Operating earnings (Warren Buffett’s preferred measure of profits) rose by 18% during the second quarter as compared to the corresponding period last year. This represents a turnaround from the first quarter when operating profits declined by 12%. This increase was helped out by an improved performance at Geico, where premiums written rose by 11% resulting from growth in new policies and rate increases. There were also positive contributions in manufacturing from the recent acquisitions of Precision Castparts and Duracell. However, net earnings declined by 20% at Burlington Northern Santa Fe Railroad, as unit volume dropped by 7.5%. Profits also declined by 4% at Berkshire Hathaway Energy.

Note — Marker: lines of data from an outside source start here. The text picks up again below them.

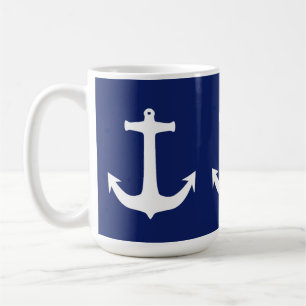 Caneca De Café Anchor Capitão Sail Navegação Marítima
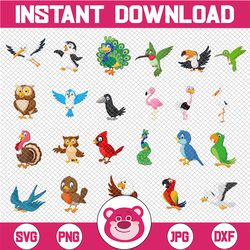 Cute Bird Svg Bundle,Bird svg,Bird on a branch Svg clipart vector png eps jpeg stencil file cut file for cricut vinyl fi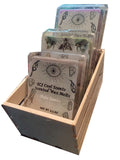 Wax Melts Beach Rose, Palo Santo and Eucalyptus Scented in Wooden Crate 18 Count 4.10 oz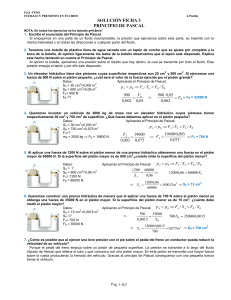 Principio de Pascal: Ejercicios Resueltos 4º ESO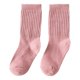 thumbnail image 1 of Calcetines para niños en tubo Algodón peinado Calcetines cómodos con patrón de rayas lisas para niños de 7 a 10 años 17 a 22 cm / 6,7 a 8,7 pulgadas Longitud del pie, 1 of 5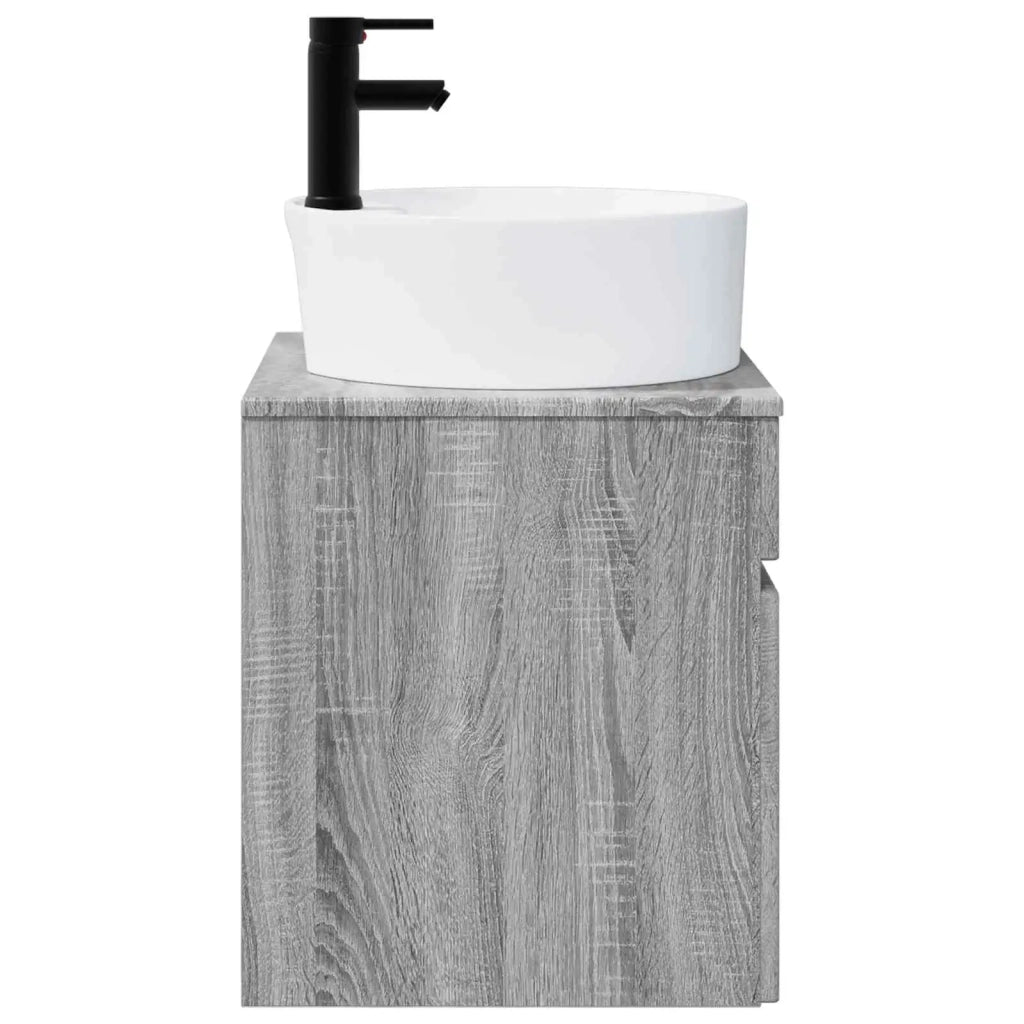 Mobile lavabo da parete Sonoma grigio 49 x 44,5 x 65 cm 890598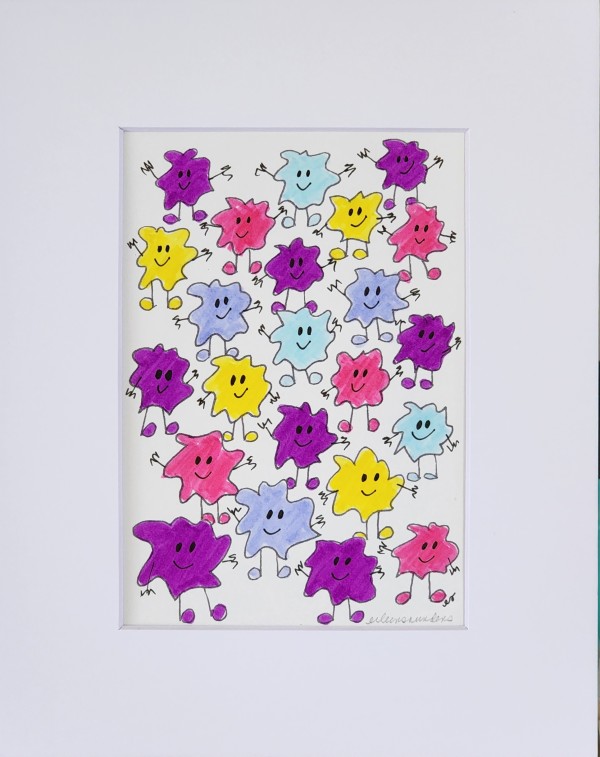 Happy Crowd Multi #3 by Eileen Saunders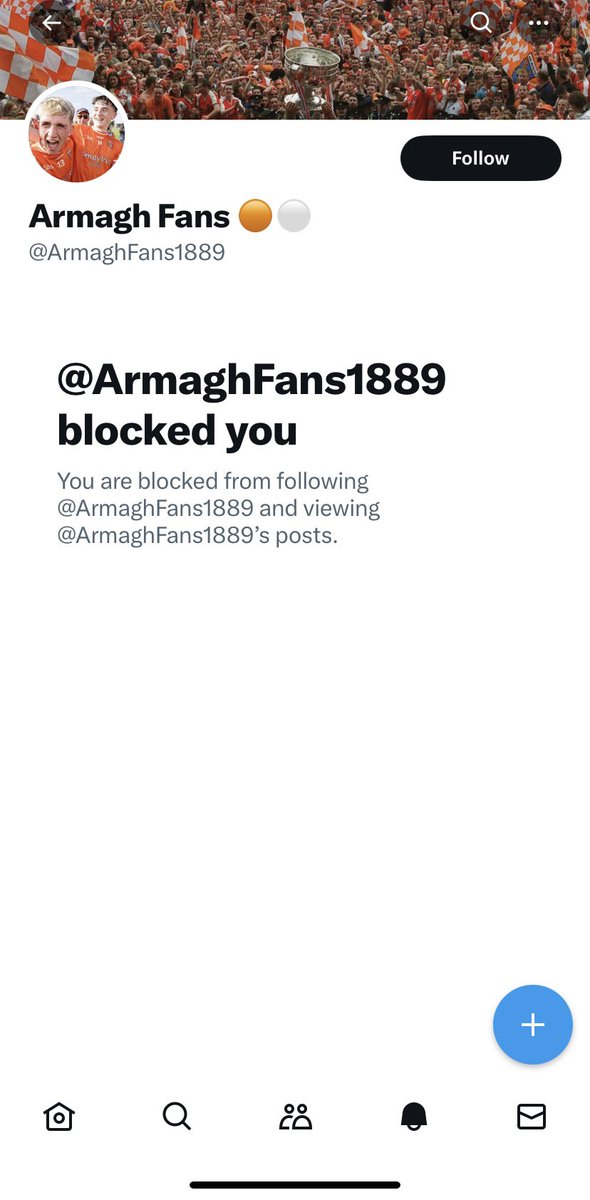 ArmaghFans 1889 the clown blocked me for calling him out on his grifting. It’s seems the isn’t ‘For the interaction of all Armagh GAA fans (other county fans welcome)’ #Armagh #GAA if you disagree with him.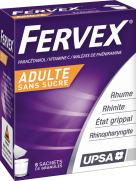 UPSA Fervex adulte sans sucre 8 sachets de granulés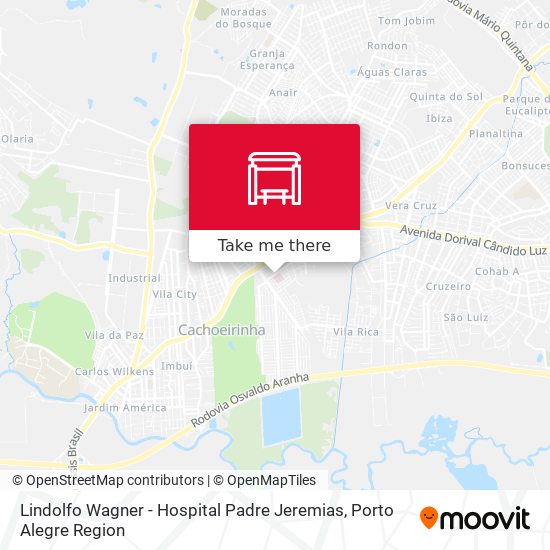 Lindolfo Wagner - Hospital Padre Jeremias map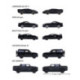 Majorette Pack 5 Coches Negros Black Edition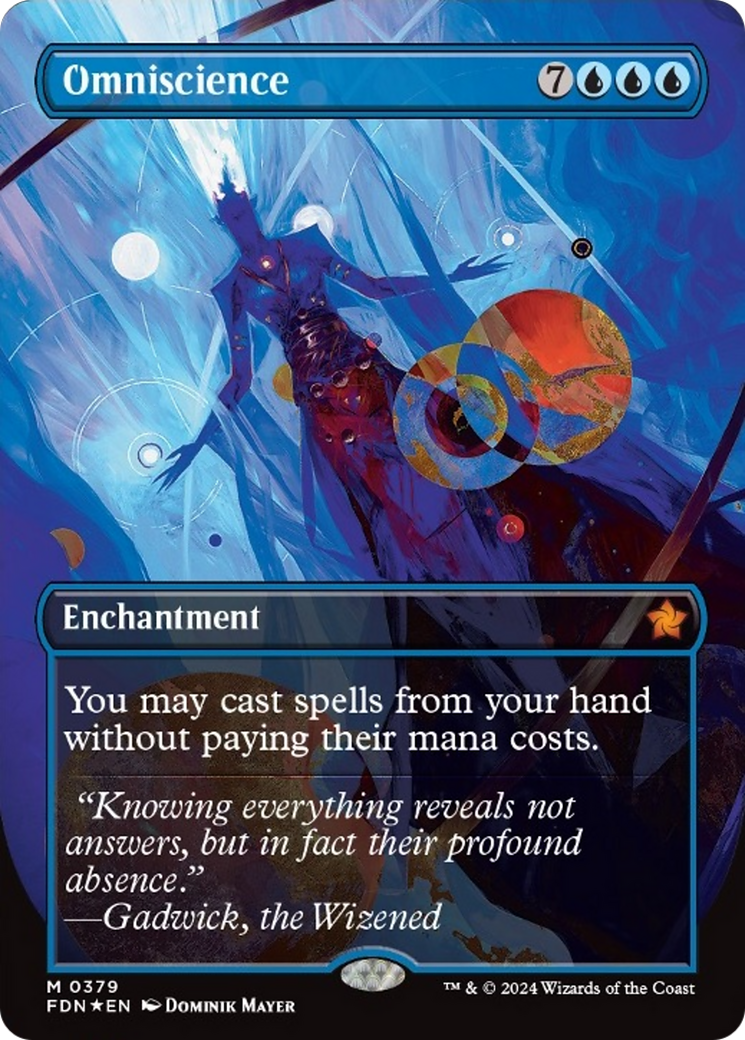 Omniscience (Borderless Mana Foil) [Foundations] | I Want That Stuff Brandon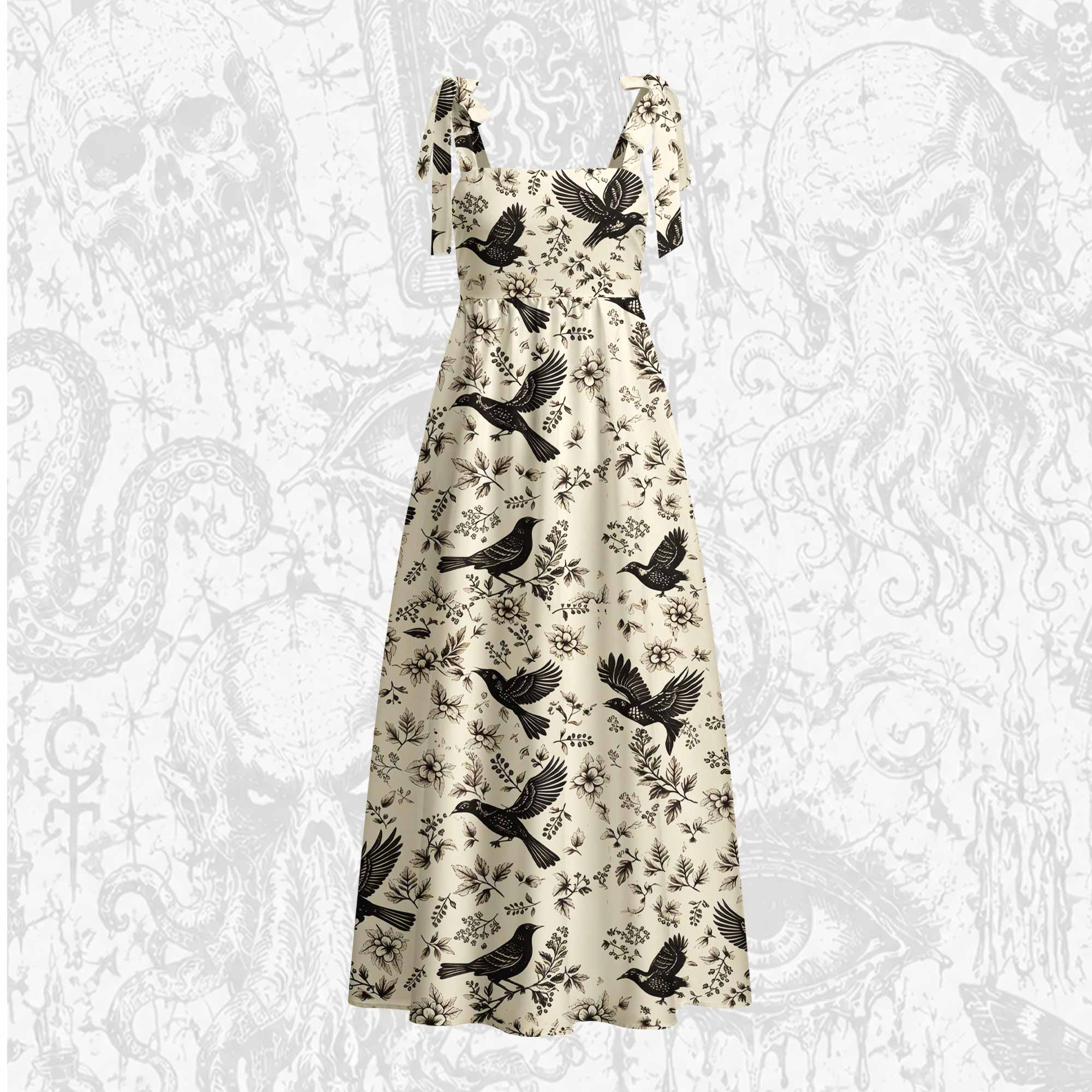 Raven's Meadow Tie Shoulder Maxi Dress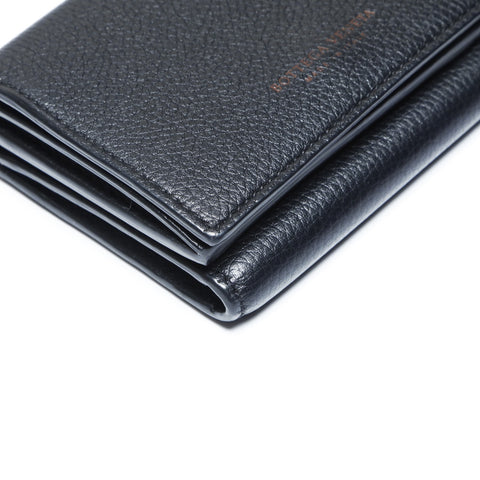 BOTTEGAVENETA Leather Compact Wallet Tri-fold wallet black WS24281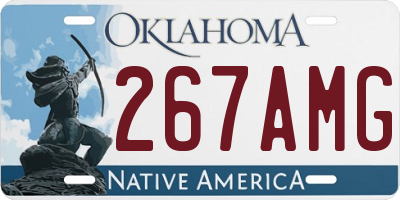 OK license plate 267AMG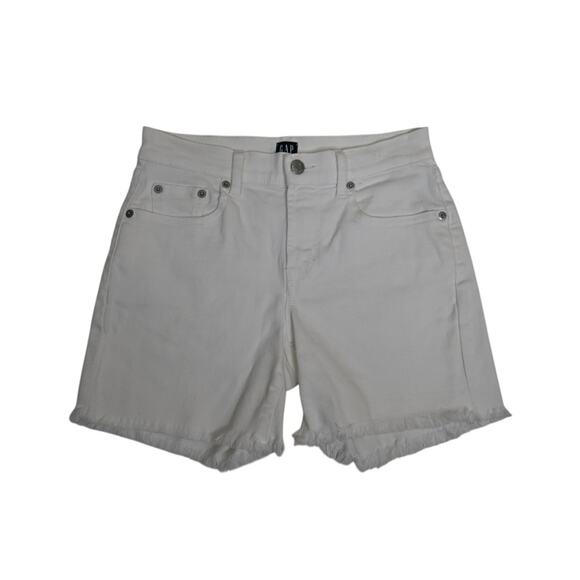 GAP Pants - GAP Denim Women's 24R White 5" Denim Jean Shorts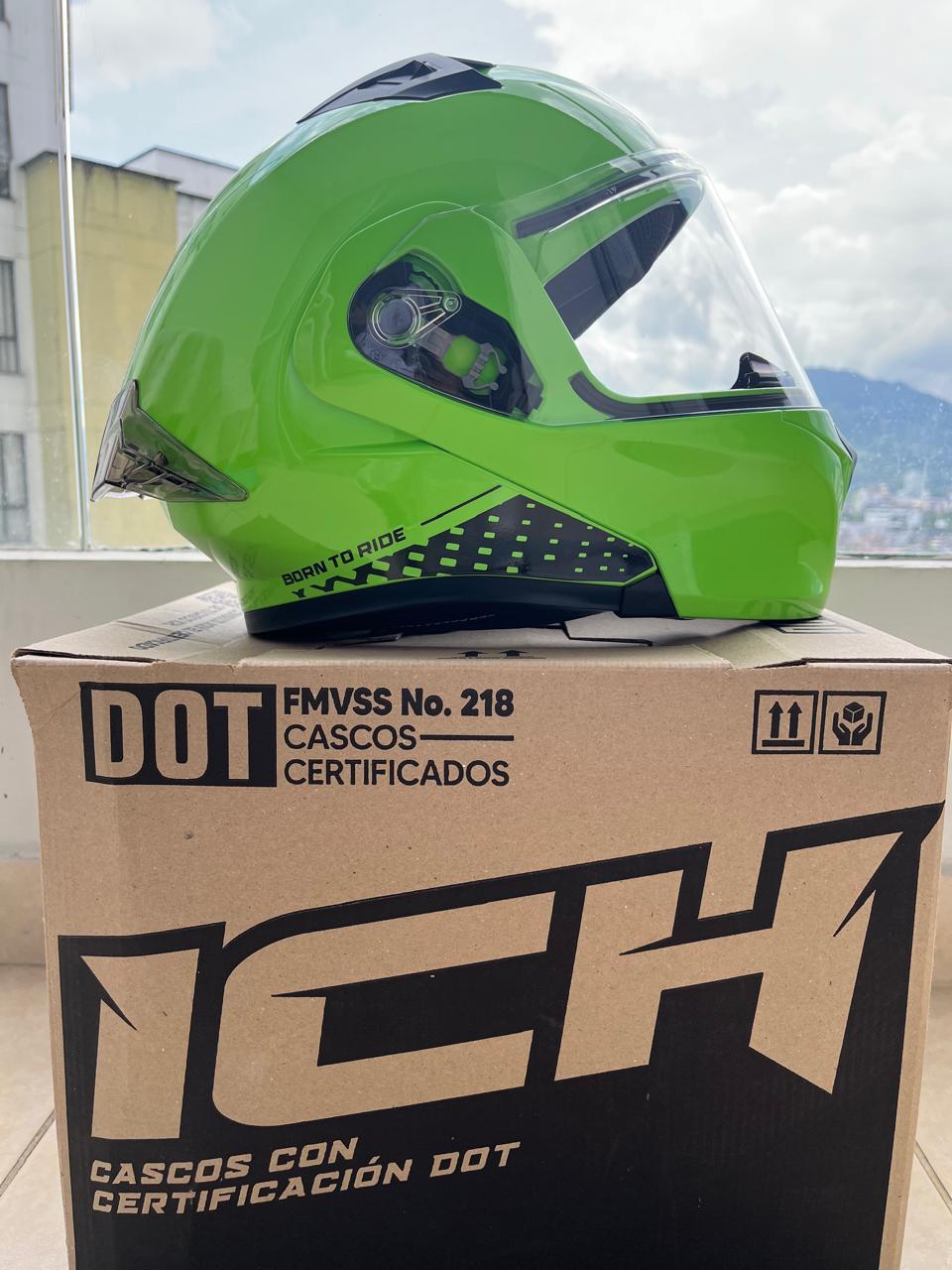 CASCO ABATIBLE VERDE POLICIA 3120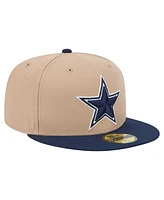 New Era Men's Tan Dallas Cowboys 59FIFTY Fitted Hat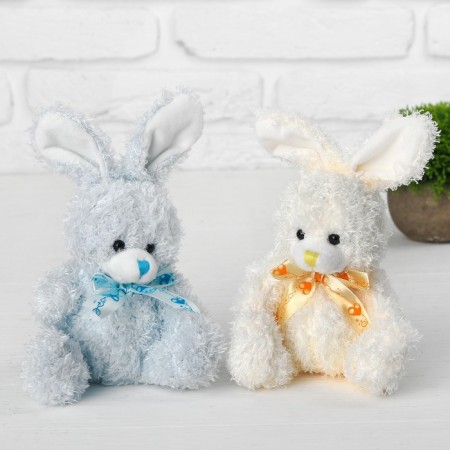 Soft toy "Bunny with a bow", color mix-2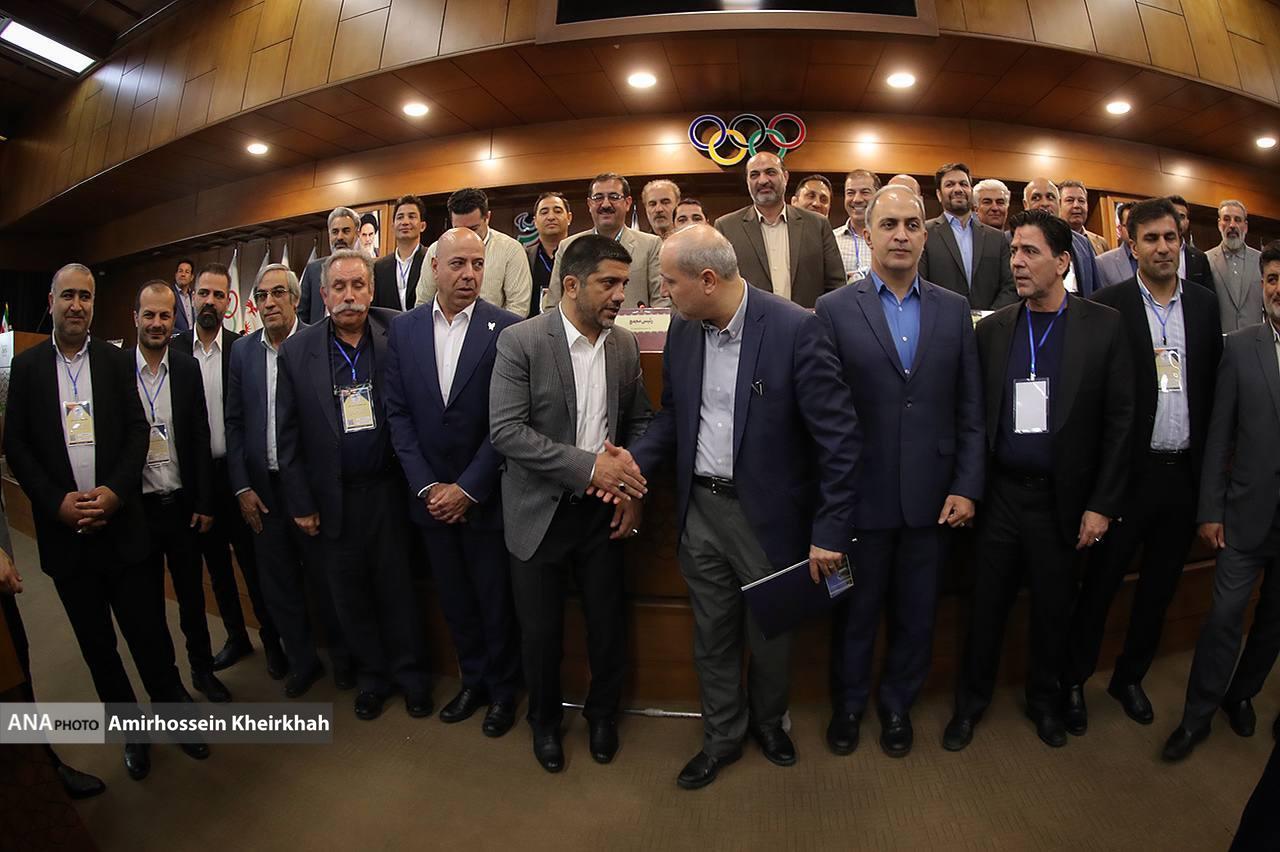 تصاویر انتخابات فدراسیون کشتی و ریاست مجدد دبیر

Overall, net income rose by 25%. However, this result which includes investment and derivative gains/losses, is largely ignored by Buffett “because the amounts of these in any given quarter or year are usually meaningless“.
Berkshire’s cash totaled $73 billion as of June 30, which included an $8 billion addition resulting from the redemption of the preferred shares of Kraft Heinz. Since Buffett sets aside $20 billion in cash at all times, approximately $50 billion is available for one or more large acquisitions.
Berkshire’s book value rose to $160,000 on June 30. At Berkshire’s closing price of 218,000 on August 5, its shares are now valued at 1.36 times book value. Buffett has previously announced his intention to buy back shares when the price to book value drops below 1.2.